REQUIRED ACTION
While you copy the lines below, skip the pictures and keep the rest exact.

PROVIDED MATERIAL
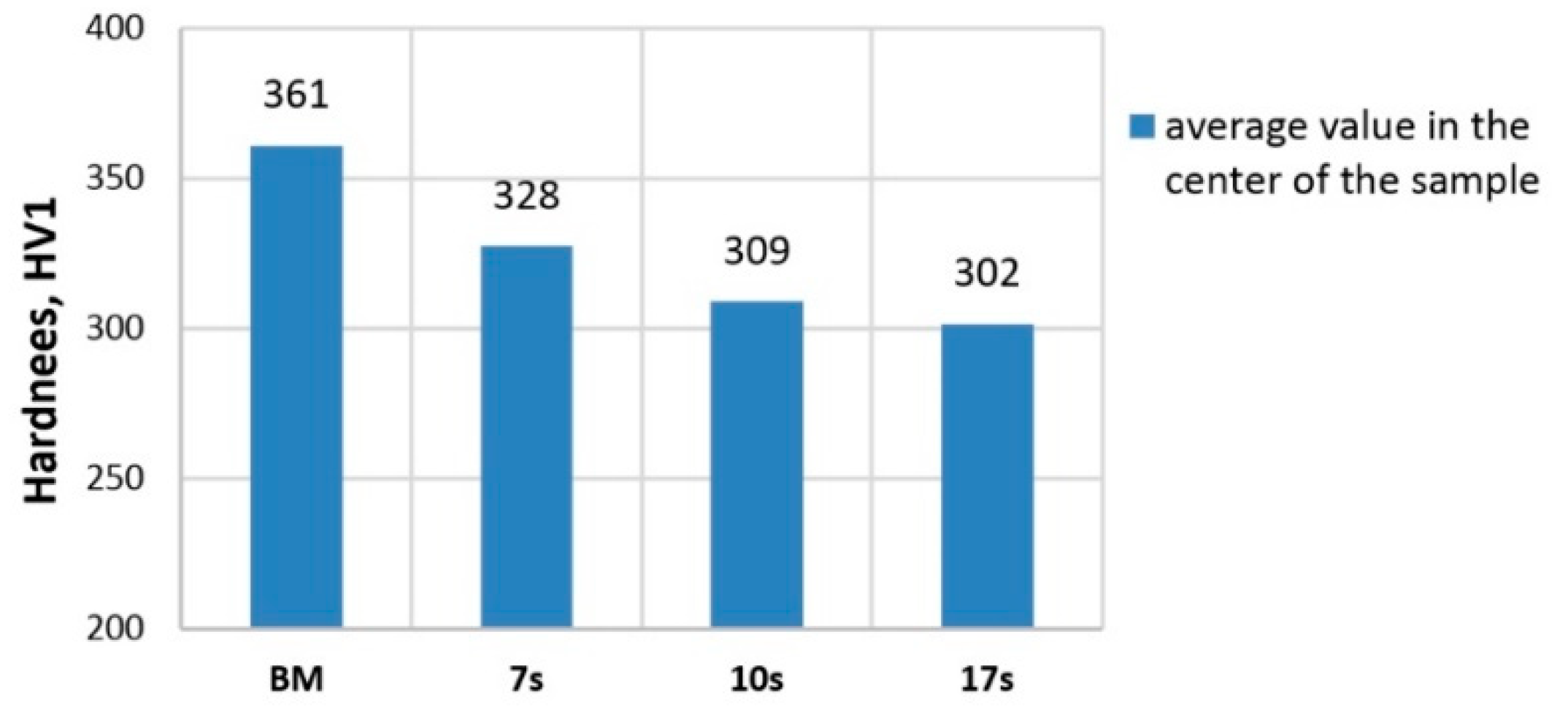 Metals 10 00229 g018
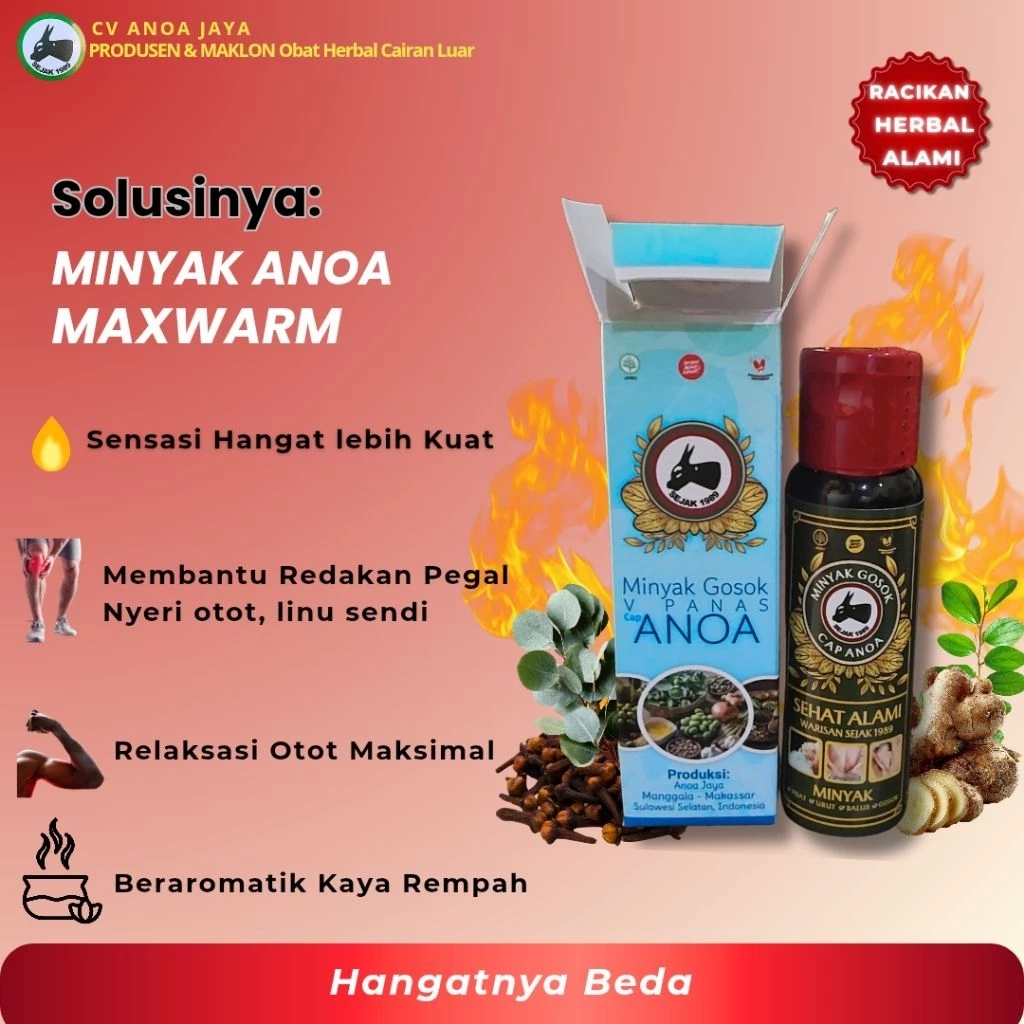 Minyak Anoa MaxWarm Aromatik 25ml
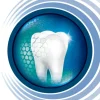 Sensodyne Suuhygienia|Suuhygienia<ProEmalj Active Enamel Shield hammastahna 75ml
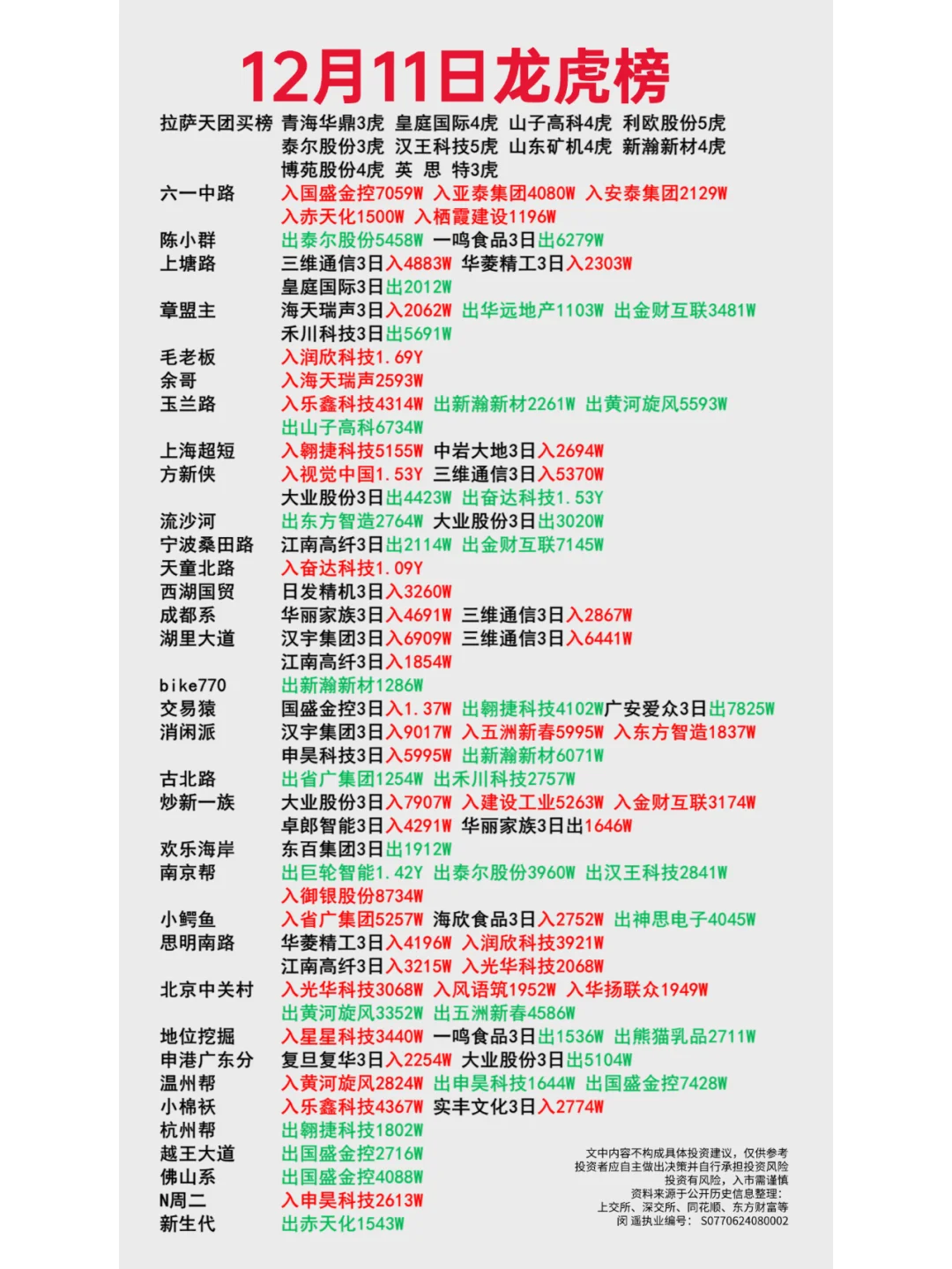 12月11日游资龙虎榜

RESPONSE BOX
 Metals 10 00229 g018
 Minyak Anoa MaxWarm Aromatik 25ml
 Sensodyne Suuhygienia|Suuhygienia<ProEmalj Active Enamel Shield hammastahna 75ml
 12月11日游资龙虎榜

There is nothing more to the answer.